Source material>
▬▬▬▬▬▬▬▬▬▬
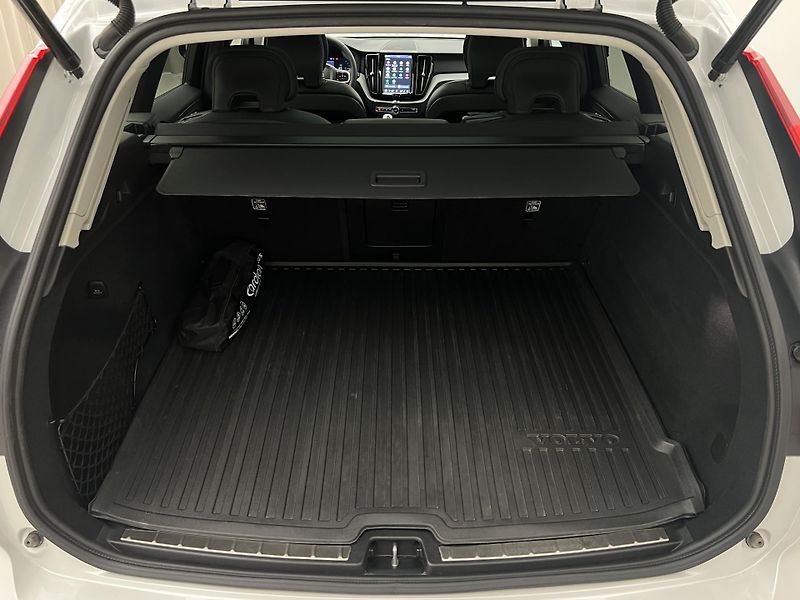 Volvo XC60 T6 AWD DARK PLUS CZ 1. maj. - fotka 5 z 49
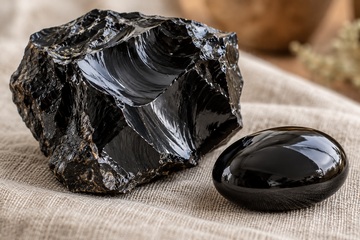 Pedra de obsidiana negra com brilho v&iacute;treo e bordas lisas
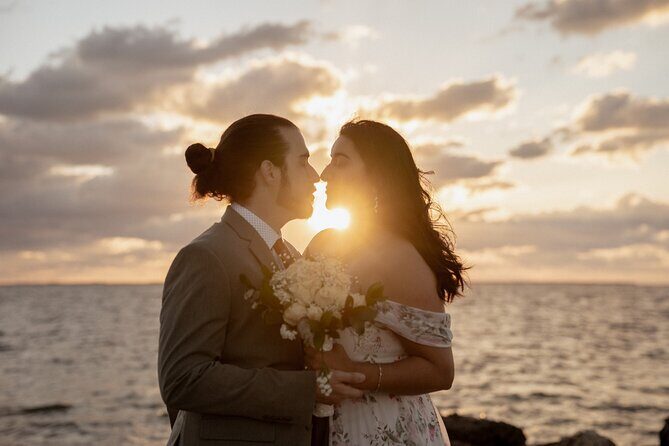 Miami Photographer Private shoot Sunrise & Sunset in Miami Beach - FAQ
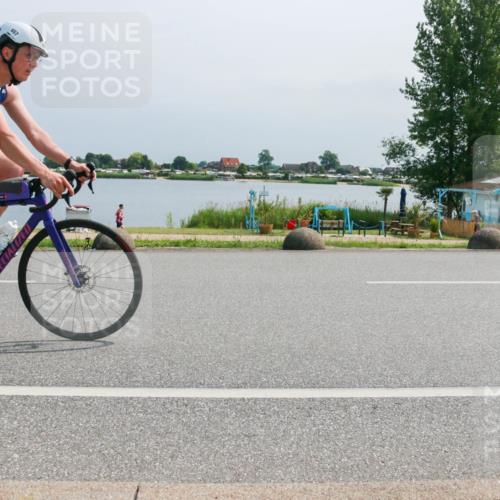 21.06.2025 - 27. Vierlanden-Triathlon H.Heesch http://msf.ph/oto/8034362 15.06.2025 11:41:42 Radfahren 657 meine-sportfotos.de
▬▬▬▬▬▬▬▬▬▬
Task to carry out>
Your task is to repeat the material above exactly, without its pictures.

Task response>
 Volvo XC60 T6 AWD DARK PLUS CZ 1. maj. - fotka 5 z 49
 Pedra de obsidiana negra com brilho v&iacute;treo e bordas lisas
 Miami Photographer Private shoot Sunrise & Sunset in Miami Beach - FAQ
 21.06.2025 - 27. Vierlanden-Triathlon H.Heesch http://msf.ph/oto/8034362 15.06.2025 11:41:42 Radfahren 657 meine-sportfotos.de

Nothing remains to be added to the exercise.